Between five councils and two regional district representatives there are a total of 30 people making decisions that affect each and every citizen in the region. To put it into perspective, Cranbrook has roughly a similar population as the combined local quintet of communities and is served by one mayor and six councillors. They also look after arenas, an aquatic centre and airport and somehow make it work without lurching from confrontation to confrontation.

Granted all our local elected officials – five mayors, 23 councillors and two area regional district directors – have received a mandate to make decisions but I don’t think anyone could foresee the type of decisions and the ripple effects it would have.

That’s why Beaver Valley opting out of the recreation deal or Warfield ending its cost sharing for the library or Rossland questioning costs for fire services or Trail taking over the airport impacts us all.

Yet the citizens have rarely been asked if they support these decisions. Lately it appears the electorate is only asked its opinion after the decision has been made and the backlash begun.

So what’s next?

As always the only people that get hurt in these disputes are the same people these decisions are supposed to help.

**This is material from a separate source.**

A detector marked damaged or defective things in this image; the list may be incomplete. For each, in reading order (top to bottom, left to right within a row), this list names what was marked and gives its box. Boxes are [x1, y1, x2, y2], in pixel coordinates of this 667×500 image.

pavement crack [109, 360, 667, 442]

A few less people coming into a town hurts a business, residents have to jump through another hoop just to go for a swim, paper work needs to be done, taxes collected and the whole process just adds another layer of bureaucracy, which is the root of all government.

And who pays the final bill? It’s always the same people – those who were supposed to be saved by our leaders in the first place.

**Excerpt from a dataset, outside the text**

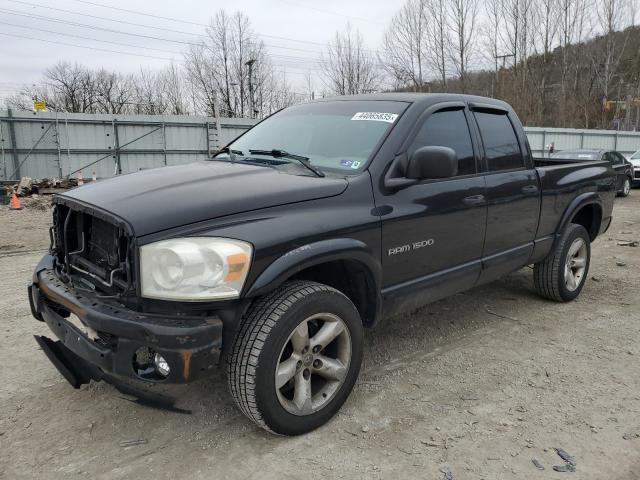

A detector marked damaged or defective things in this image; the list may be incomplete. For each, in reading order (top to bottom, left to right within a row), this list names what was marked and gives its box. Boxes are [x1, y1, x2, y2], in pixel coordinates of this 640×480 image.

damaged front end [29, 197, 225, 392]
cracked headlight [140, 237, 252, 300]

I never thought I lived in an “Us and Them,” type of community, which ironically, is another Pink Floyd composition highlighting warring sides and the people on the front line questioning the leaders’ decisions.

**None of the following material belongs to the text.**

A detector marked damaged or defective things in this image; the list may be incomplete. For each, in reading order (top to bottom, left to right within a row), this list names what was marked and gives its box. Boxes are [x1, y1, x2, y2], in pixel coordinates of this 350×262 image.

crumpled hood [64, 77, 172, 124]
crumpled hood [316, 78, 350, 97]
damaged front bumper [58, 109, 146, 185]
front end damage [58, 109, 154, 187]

But it seems every day the local divide grows rather than recedes.

I think rivalry is great, when it comes to sports. Everybody has a side they cheer for.

But judging by the terse tones, lack of communication, quick decisions and lasting wounds, there seems to be a growing rivalry between neighboring communities stemming from these important decisions.

I have friends in Fruitvale and Rossland and in between but somehow these lines drawn in the sand are forcing ordinary people to pick a side in the debate. Sadly there hasn’t been one leader ready to step across that line and offer a handshake.

This is an election year and perhaps it takes these community-dividing decisions to make people realize that this isn’t the way we want life to carry on in our region.

Change has been long overdue in many of our municipalities. The simmering resentment has been festering for years so perhaps new blood can provide a fresh vision.

That said, very few step up and throw their name in the ring for local elections, which leads to the same representatives with the same old grudges.

And don’t even ponder the question of amalgamation. There’s too much at stake in each council chamber to go down that long and winding road.

So without some new ideas and dynamics I envision more of the same, no communication, continued resentment and needless posturing, as the next four years unfold.

I guess all that’s left is to put up fences and gates around each town and charge people to pass through. That way individual communities can control who comes and goes, who pays and who doesn’t and who gets in and who gets out.

After all isn’t that what this is all about?